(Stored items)
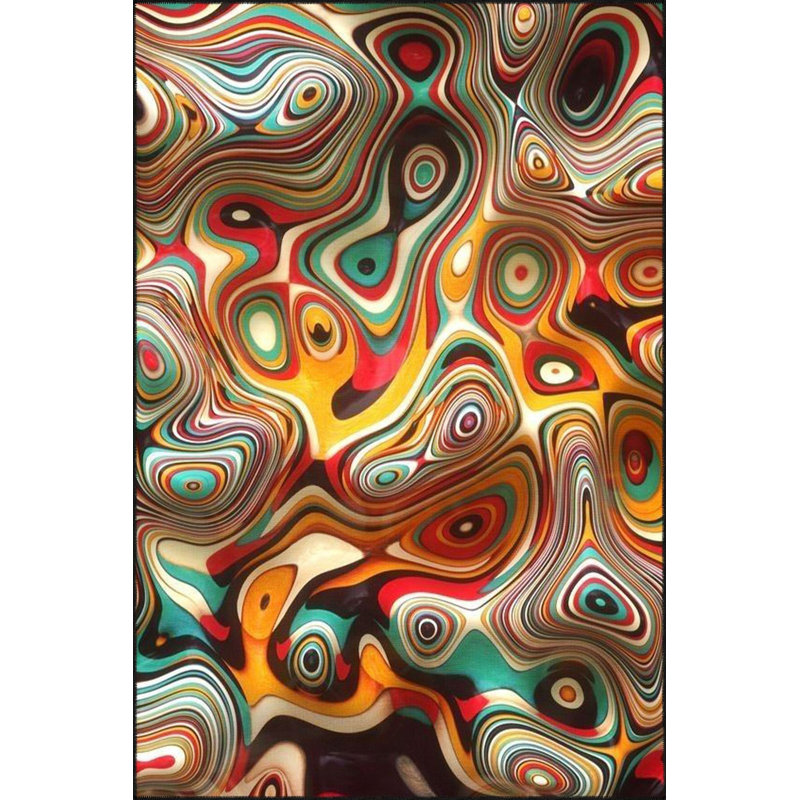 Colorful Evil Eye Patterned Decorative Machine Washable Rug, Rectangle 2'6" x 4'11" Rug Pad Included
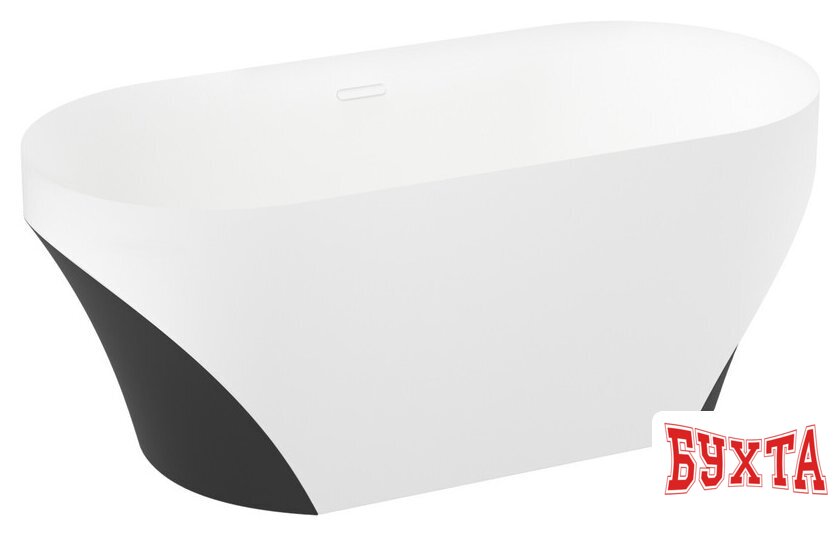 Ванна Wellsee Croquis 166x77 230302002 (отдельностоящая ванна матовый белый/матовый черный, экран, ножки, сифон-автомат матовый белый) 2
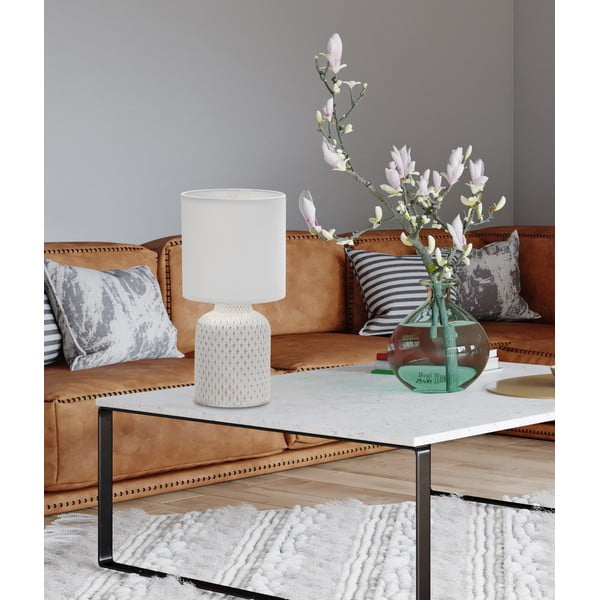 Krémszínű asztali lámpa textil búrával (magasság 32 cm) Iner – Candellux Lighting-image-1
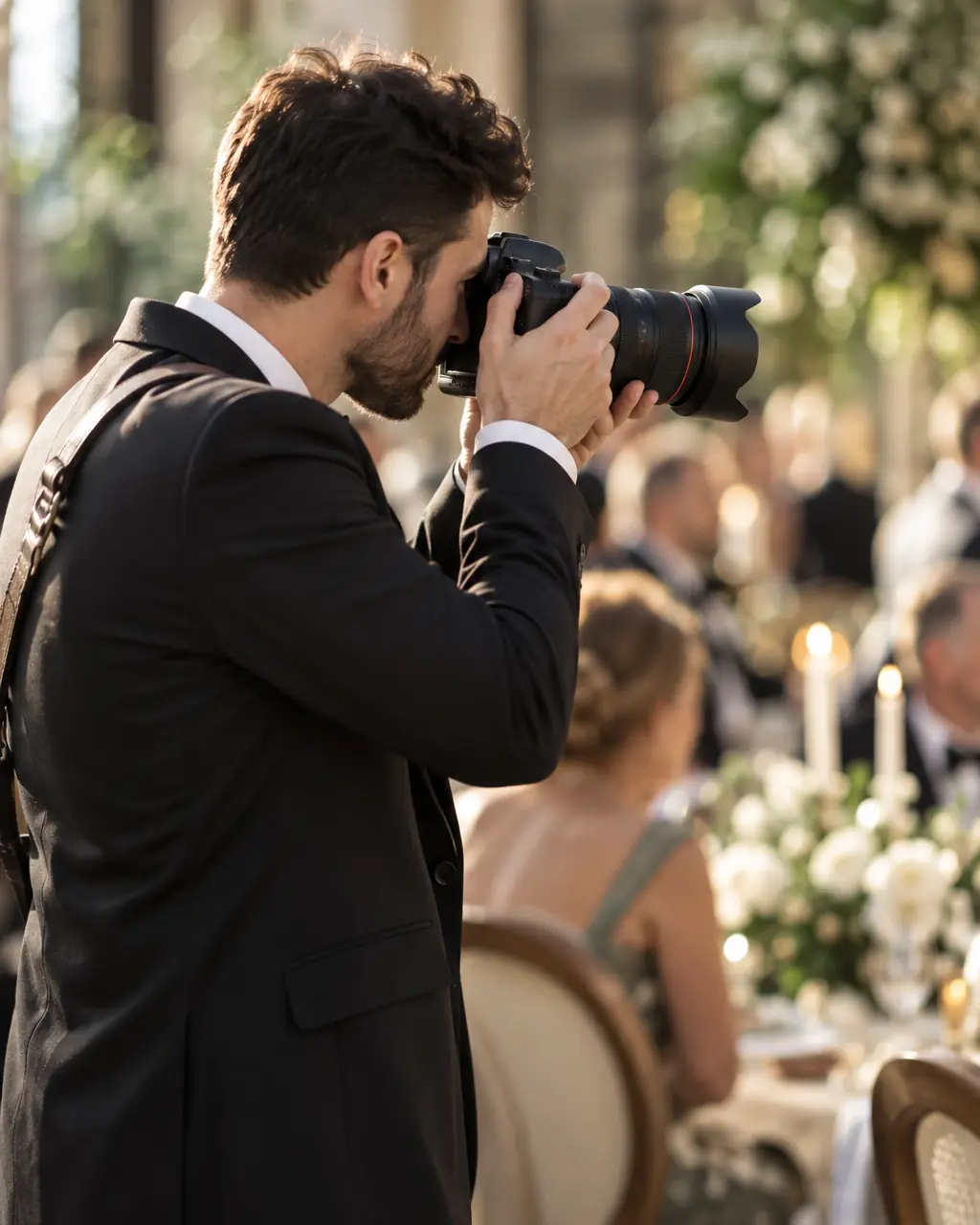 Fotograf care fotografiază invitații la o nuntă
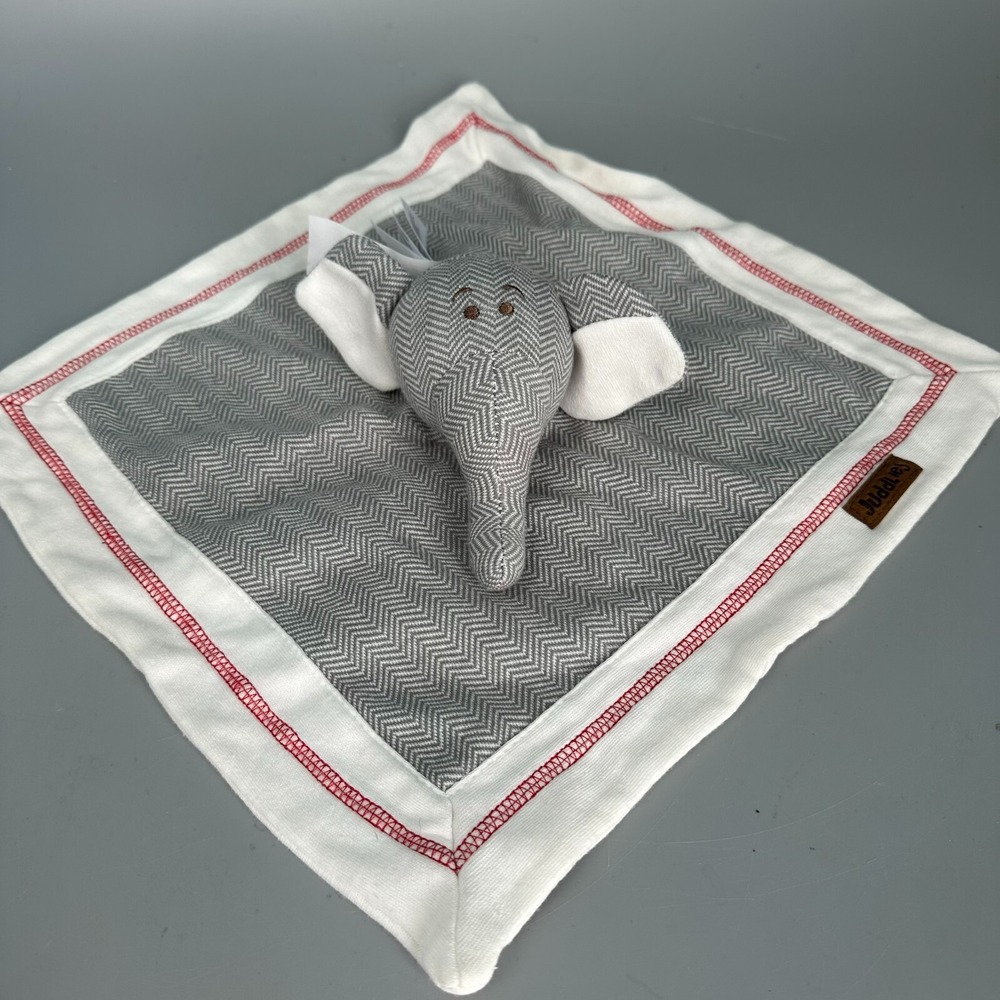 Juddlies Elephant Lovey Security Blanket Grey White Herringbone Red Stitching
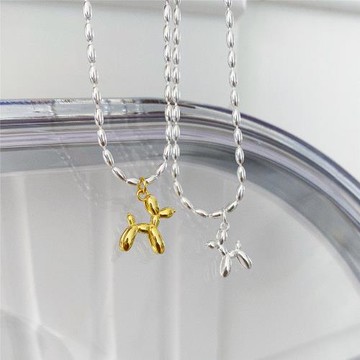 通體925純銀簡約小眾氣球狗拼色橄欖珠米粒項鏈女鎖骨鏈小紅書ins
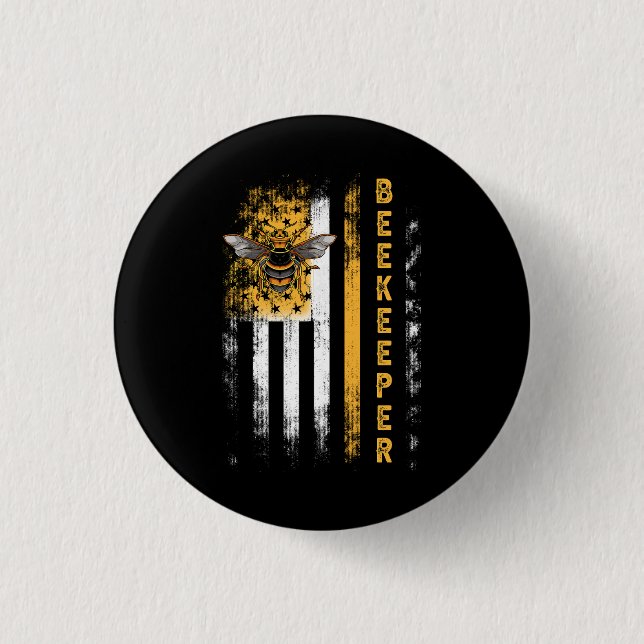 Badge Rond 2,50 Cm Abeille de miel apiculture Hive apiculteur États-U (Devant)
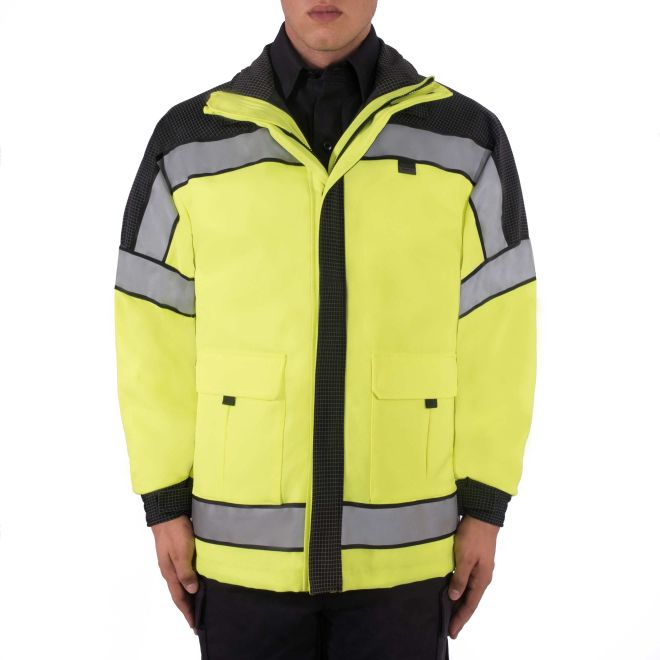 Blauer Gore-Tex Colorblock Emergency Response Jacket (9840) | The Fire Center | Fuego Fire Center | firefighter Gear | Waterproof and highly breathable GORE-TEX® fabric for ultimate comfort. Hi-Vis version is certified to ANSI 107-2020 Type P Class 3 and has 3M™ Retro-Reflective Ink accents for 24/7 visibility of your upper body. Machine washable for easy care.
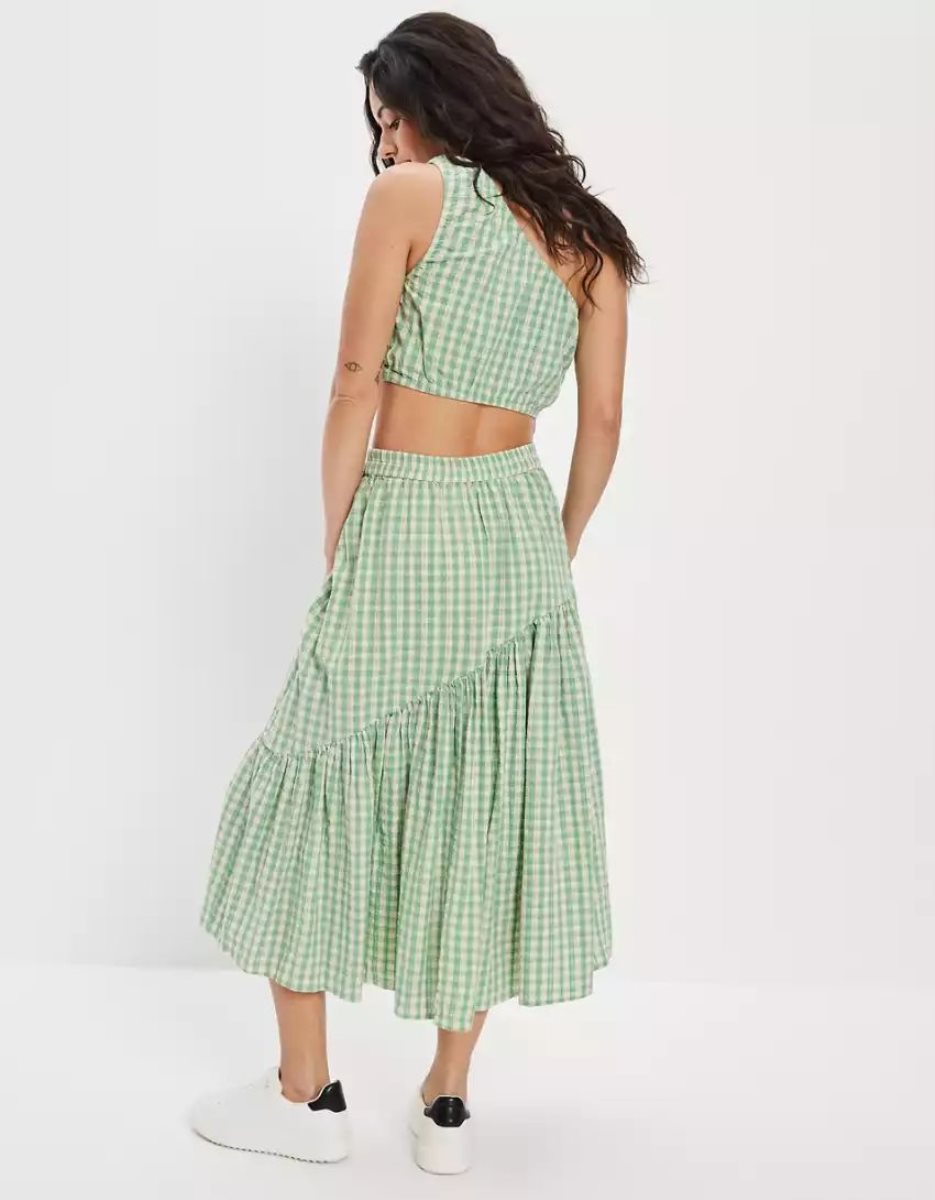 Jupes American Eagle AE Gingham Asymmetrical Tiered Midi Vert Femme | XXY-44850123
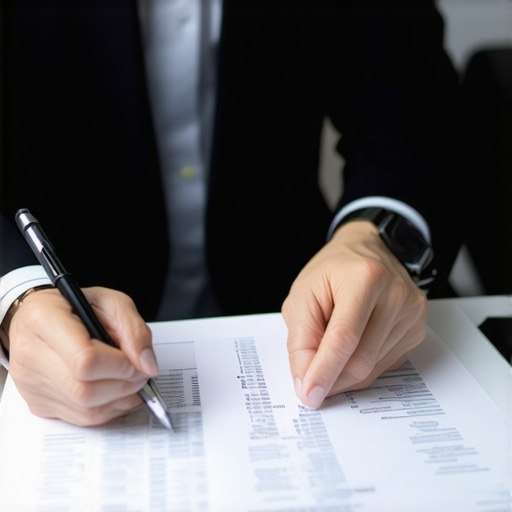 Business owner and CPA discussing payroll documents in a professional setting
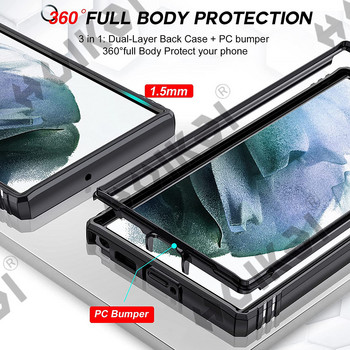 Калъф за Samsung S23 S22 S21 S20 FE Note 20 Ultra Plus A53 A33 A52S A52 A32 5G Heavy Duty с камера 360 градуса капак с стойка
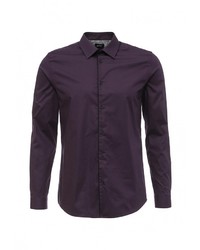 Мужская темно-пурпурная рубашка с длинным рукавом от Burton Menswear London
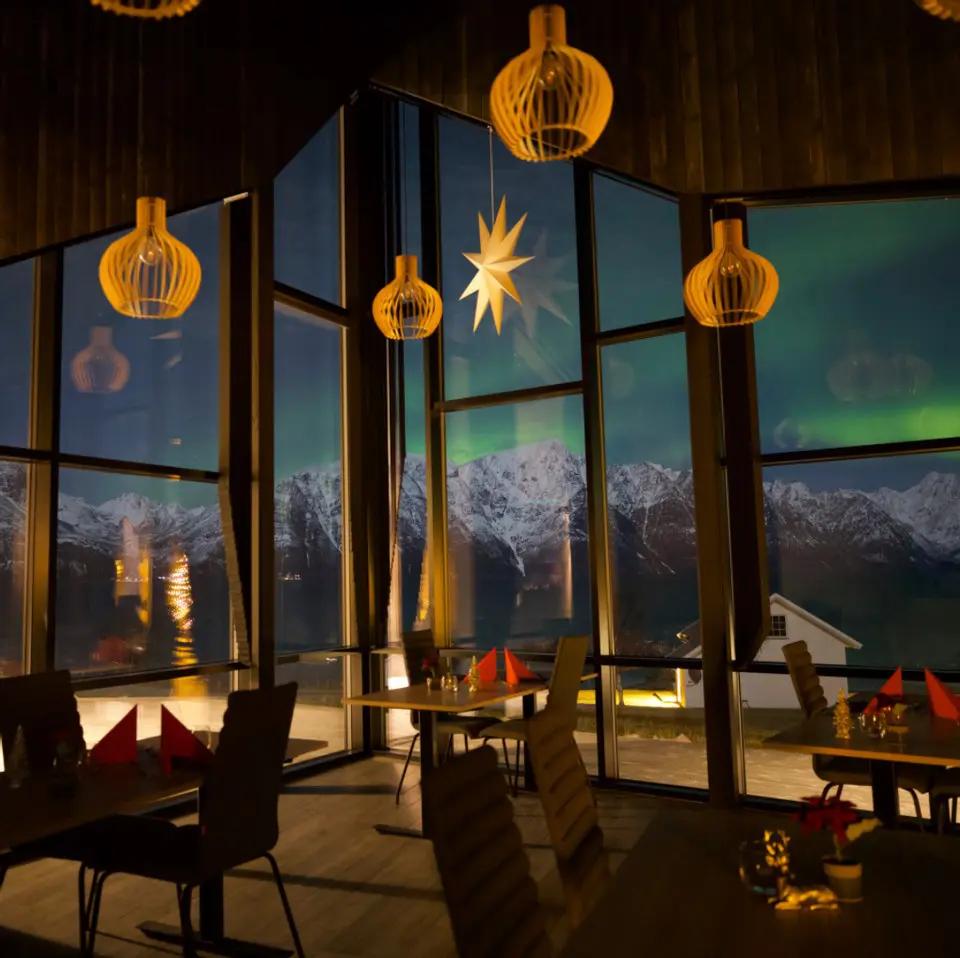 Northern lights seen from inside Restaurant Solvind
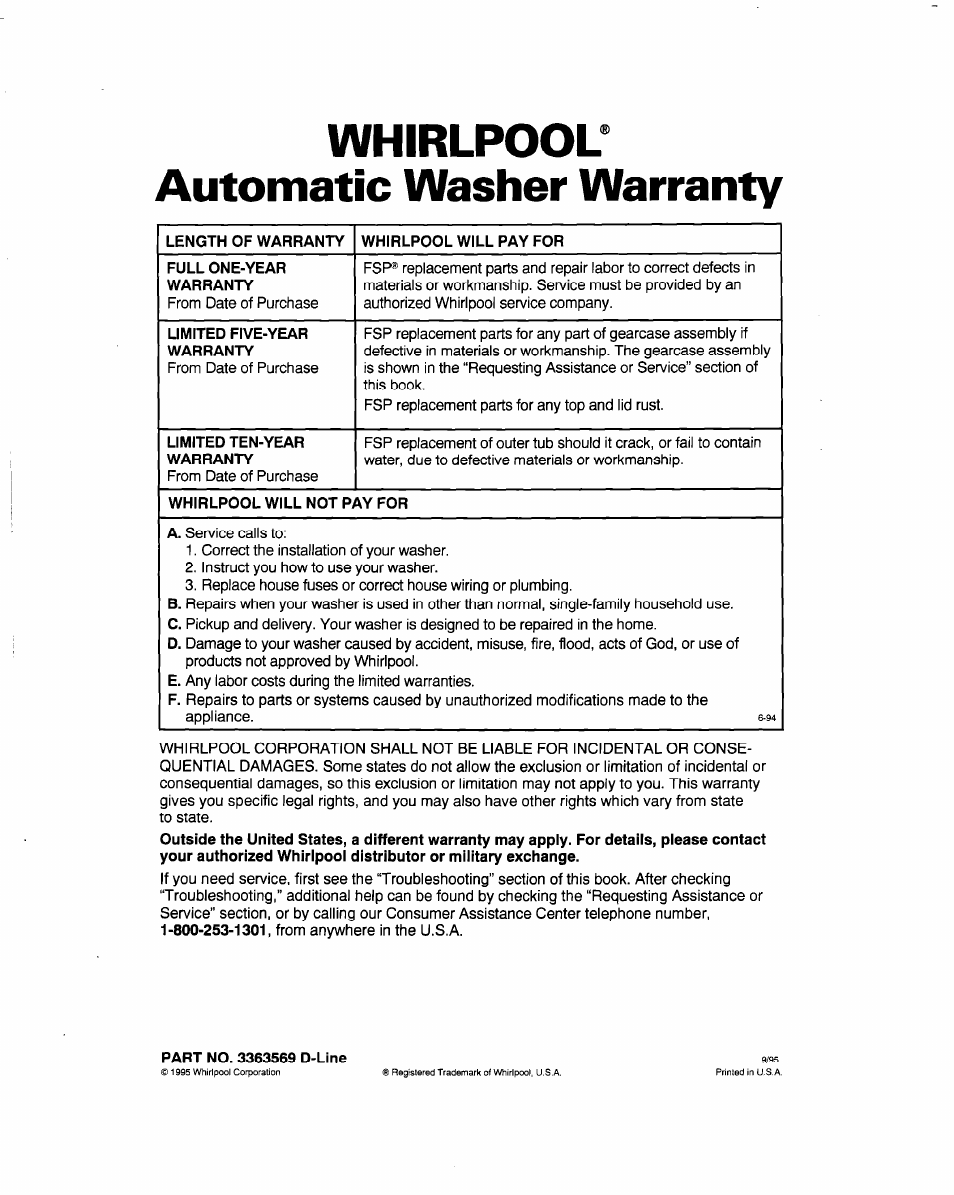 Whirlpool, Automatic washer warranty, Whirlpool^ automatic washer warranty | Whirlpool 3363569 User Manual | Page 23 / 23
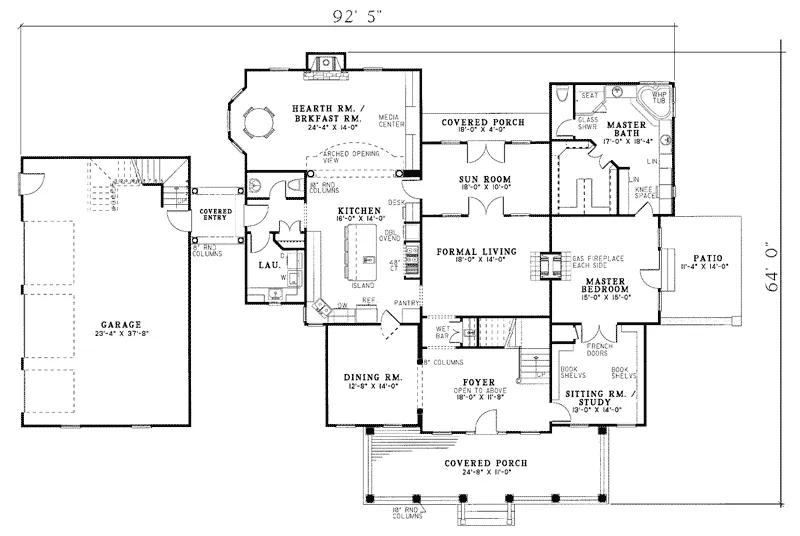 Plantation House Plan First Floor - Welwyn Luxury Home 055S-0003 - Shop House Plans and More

- Exercise objective
Give every entry again word for word; no images belong in the copy.

- The completed task
 Colorful Evil Eye Patterned Decorative Machine Washable Rug, Rectangle 2'6" x 4'11" Rug Pad Included
 Ванна Wellsee Croquis 166x77 230302002 (отдельностоящая ванна матовый белый/матовый черный, экран, ножки, сифон-автомат матовый белый) 2
 Krémszínű asztali lámpa textil búrával (magasság 32 cm) Iner – Candellux Lighting-image-1
 Fotograf care fotografiază invitații la o nuntă
 Juddlies Elephant Lovey Security Blanket Grey White Herringbone Red Stitching
 通體925純銀簡約小眾氣球狗拼色橄欖珠米粒項鏈女鎖骨鏈小紅書ins
 Badge Rond 2,50 Cm Abeille de miel apiculture Hive apiculteur États-U (Devant)
 Blauer Gore-Tex Colorblock Emergency Response Jacket (9840) | The Fire Center | Fuego Fire Center | firefighter Gear | Waterproof and highly breathable GORE-TEX® fabric for ultimate comfort. Hi-Vis version is certified to ANSI 107-2020 Type P Class 3 and has 3M™ Retro-Reflective Ink accents for 24/7 visibility of your upper body. Machine washable for easy care.
 Jupes American Eagle AE Gingham Asymmetrical Tiered Midi Vert Femme | XXY-44850123
 Business owner and CPA discussing payroll documents in a professional setting
 Калъф за Samsung S23 S22 S21 S20 FE Note 20 Ultra Plus A53 A33 A52S A52 A32 5G Heavy Duty с камера 360 градуса капак с стойка
 Мужская темно-пурпурная рубашка с длинным рукавом от Burton Menswear London
 Northern lights seen from inside Restaurant Solvind
 Whirlpool, Automatic washer warranty, Whirlpool^ automatic washer warranty | Whirlpool 3363569 User Manual | Page 23 / 23
 Plantation House Plan First Floor - Welwyn Luxury Home 055S-0003 - Shop House Plans and More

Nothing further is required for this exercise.